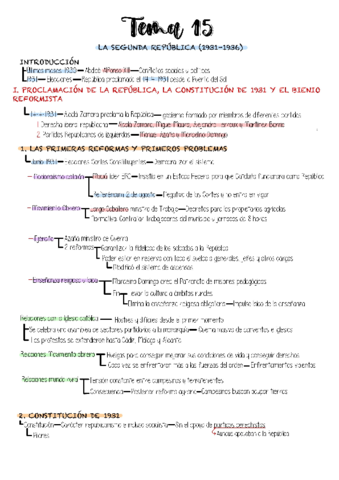 La Segunda República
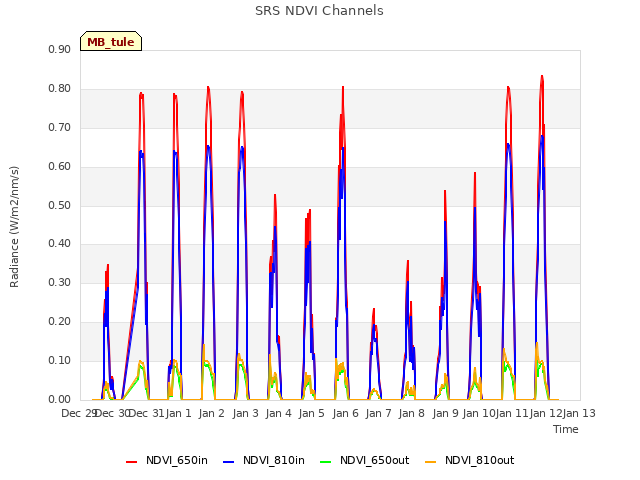 plot of SRS NDVI Channels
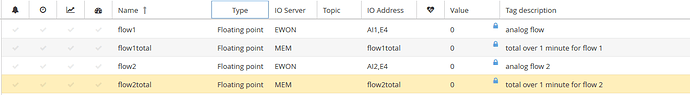 flow%20tags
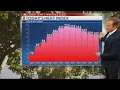 Charleston weather dangerous heat expected Thursday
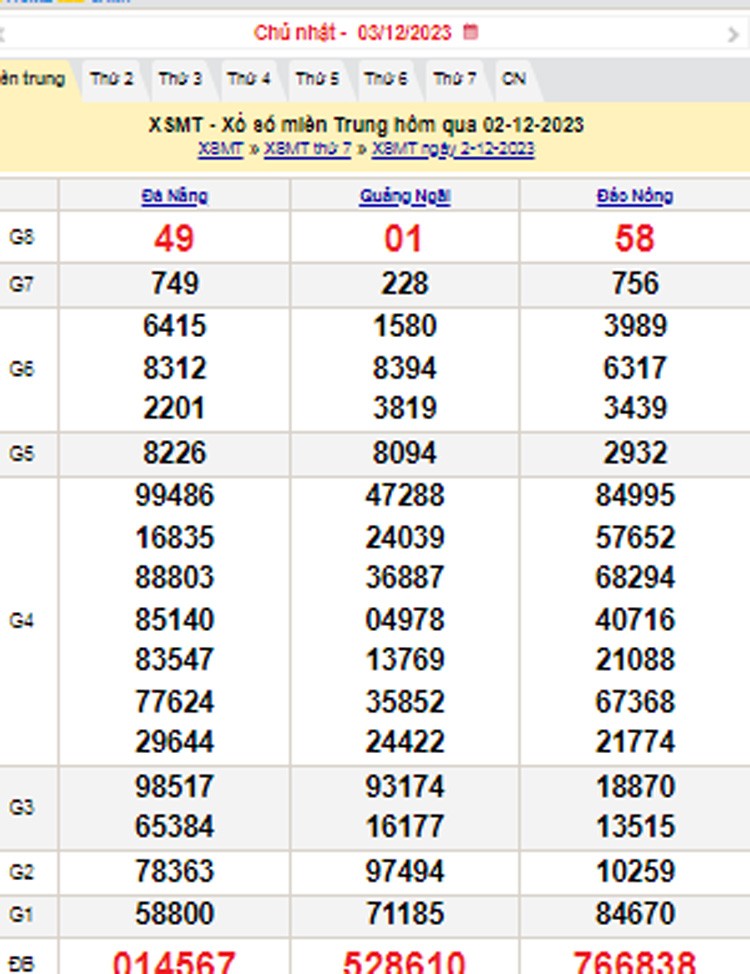 XSMT 3/12, Kết quả xổ số miền Trung hôm nay 3/12/2023, xổ số miền Trung ngày 3 tháng 12,trực tiếp XSMT 3/12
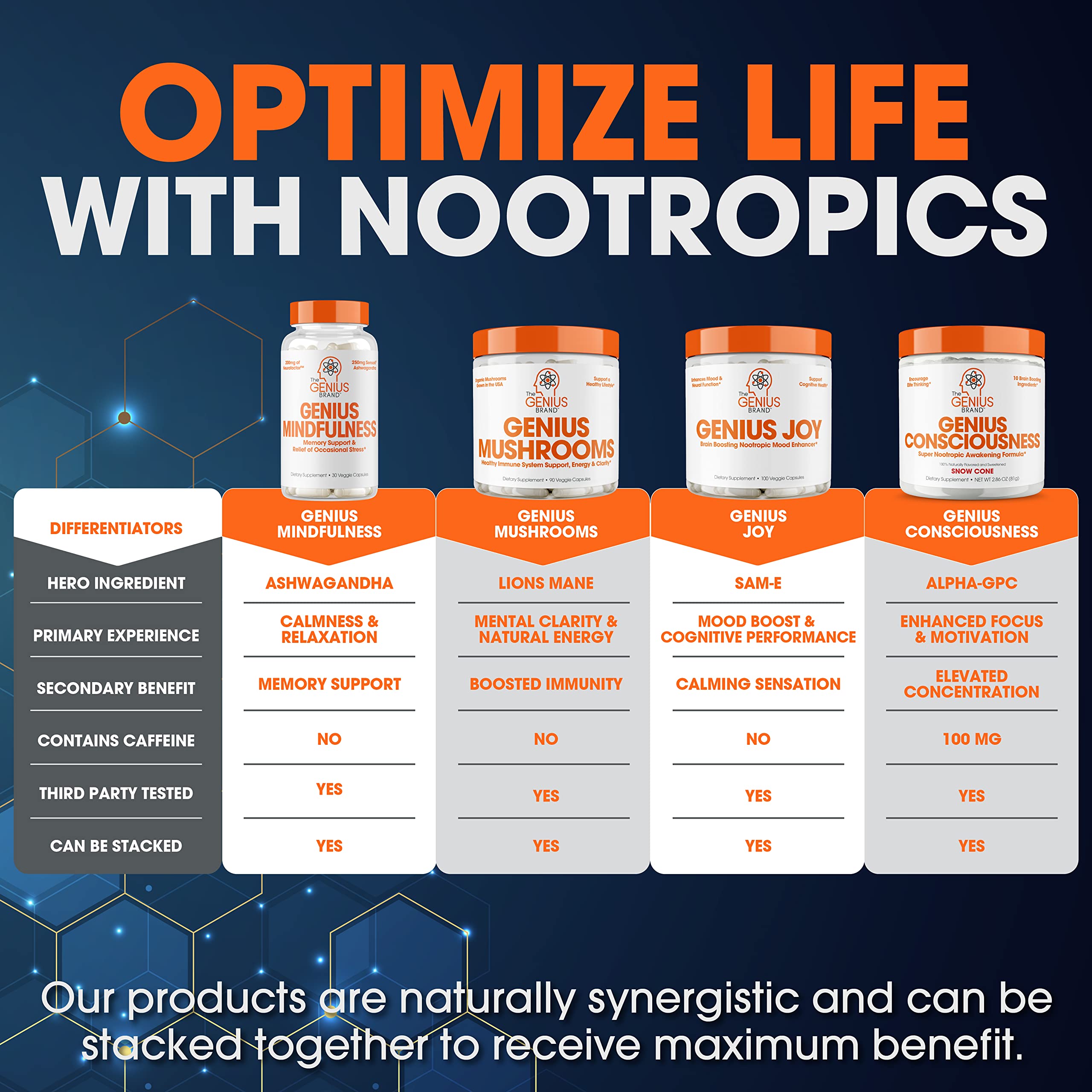 Genius Consciousness, Super Nootropic Brain Supplement Powder, Watermelon The Genius BrandAu supplements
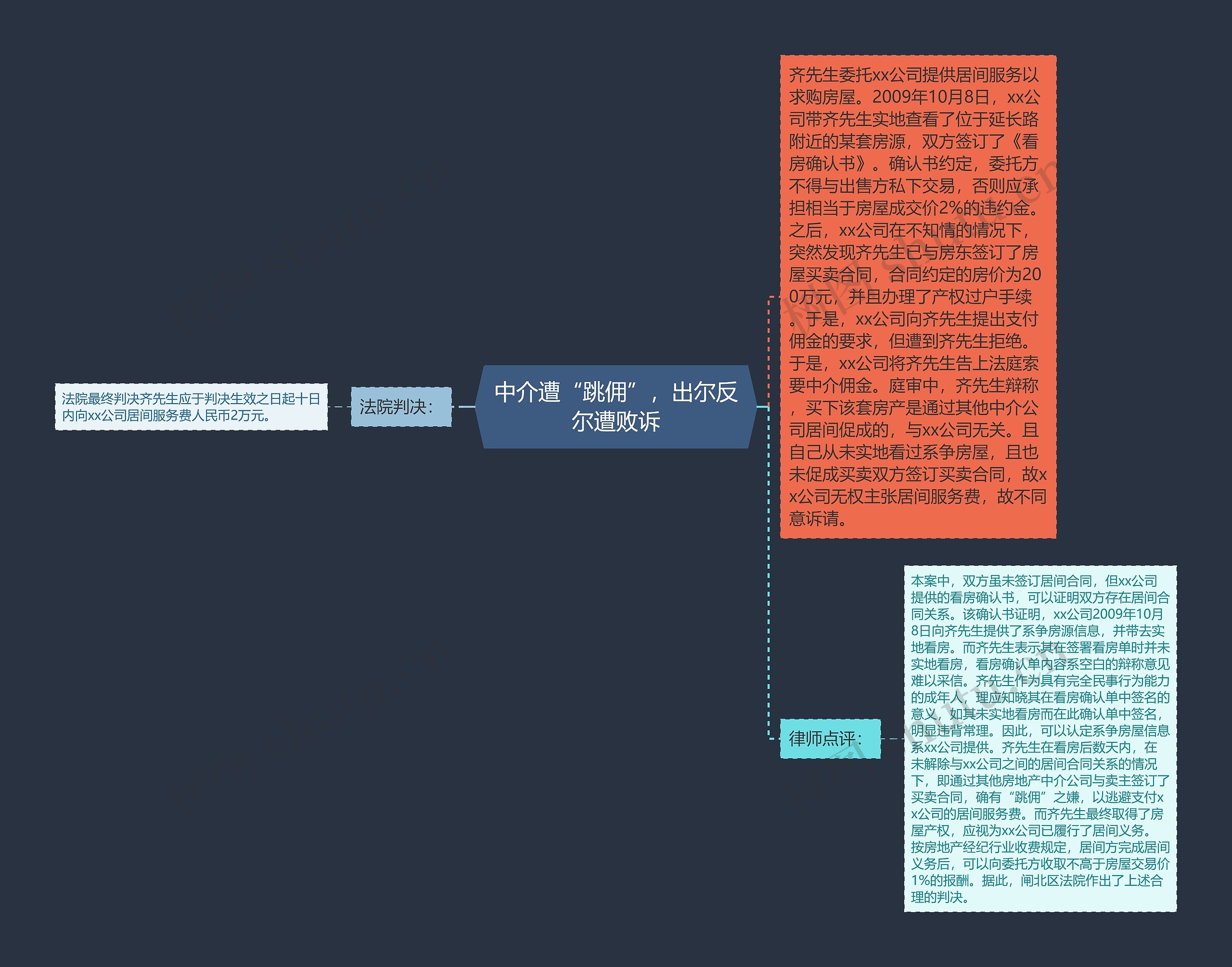 中介遭“跳佣”,出尔反尔遭败诉 中介遭“跳佣”,出尔反尔遭败诉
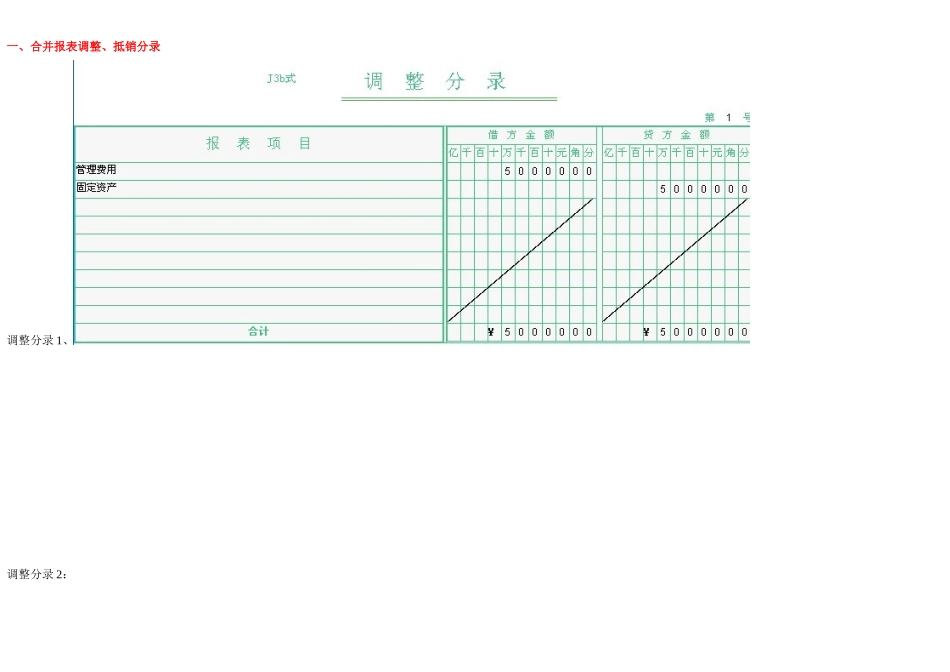 XXXX年电大会计模拟核算答案1合并报表_第1页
————————
**Try it**
Return the lines exactly, from the one containing "Charleston weather dangerous" through the last line above, including both ends and excluding every picture.

**Output for this exercise**
 Charleston weather dangerous heat expected Thursday
 XSMT 3/12, Kết quả xổ số miền Trung hôm nay 3/12/2023, xổ số miền Trung ngày 3 tháng 12,trực tiếp XSMT 3/12
 Genius Consciousness, Super Nootropic Brain Supplement Powder, Watermelon The Genius BrandAu supplements
 中介遭“跳佣”,出尔反尔遭败诉 中介遭“跳佣”,出尔反尔遭败诉
 XXXX年电大会计模拟核算答案1合并报表_第1页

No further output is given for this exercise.